February 4 – February 10
A toddler mooned the second most powerful politician in China in front of CCTV cameras. Sarah Hansen wrote a Super Bowl diary, watching from the official NFL China viewing party in Beijing. Ping Fu is a memoirist caught in a web of exaggeration and lies, writes Alicia.
A Guangzhou gym offers a variety of fucks. Anne Ishii wrote a ridiculous review in Slate (involves Asian penis size, features quote from Martin Luther King Jr.). Sara Jane Ho will teach you etiquette for 10,000 pounds or less.
A migrant worker lost more than 14,000 yuan riding a scooter, but got it all back thanks to donations. A driver, after refusing to step out of his car, took an officer for a five-kilometer ride on the hood of her car. And this jaywalking idiot caused a truck crash.

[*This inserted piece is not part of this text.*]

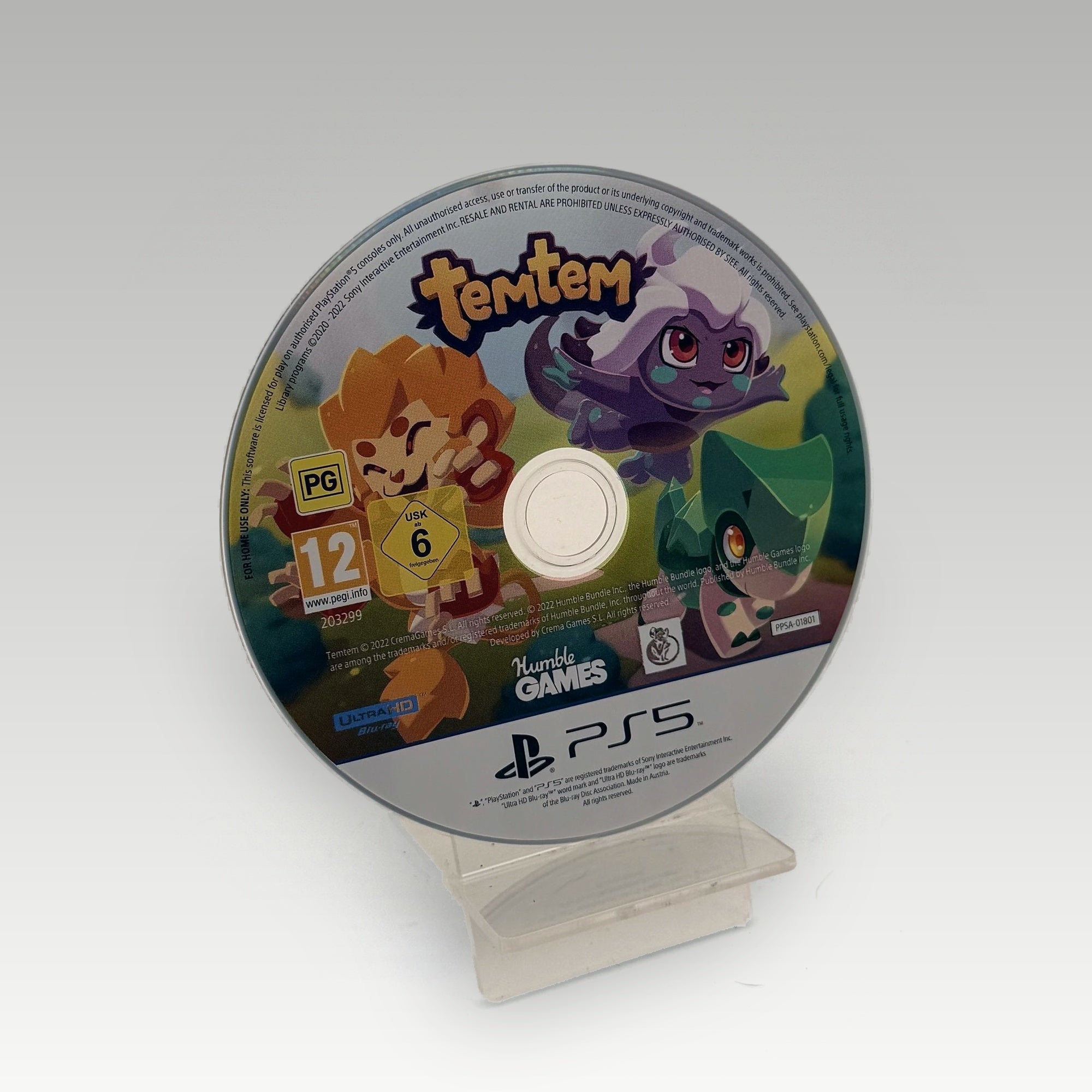 PlayStation 5 Temtem Region 4 - Front Cover | Yappa NZ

Maya Moore and the Shanxi Flame are WCBA champions. American Kim Lee won a landmark divorce case against her Chinese husband. If you need an acting job, play a dying Japanese, writes Maryan Escarfullet — like this one who gets cleaved twain.
Brangelina begins learning Chinese. Hebei province, which surrounds Beijing, is really polluted. And the mystery blogger behind a popular Xi Jinping microblog — which produced this picture — has been revealed.
Comment of the Week:
To all of you who did not copy and paste a comment this week.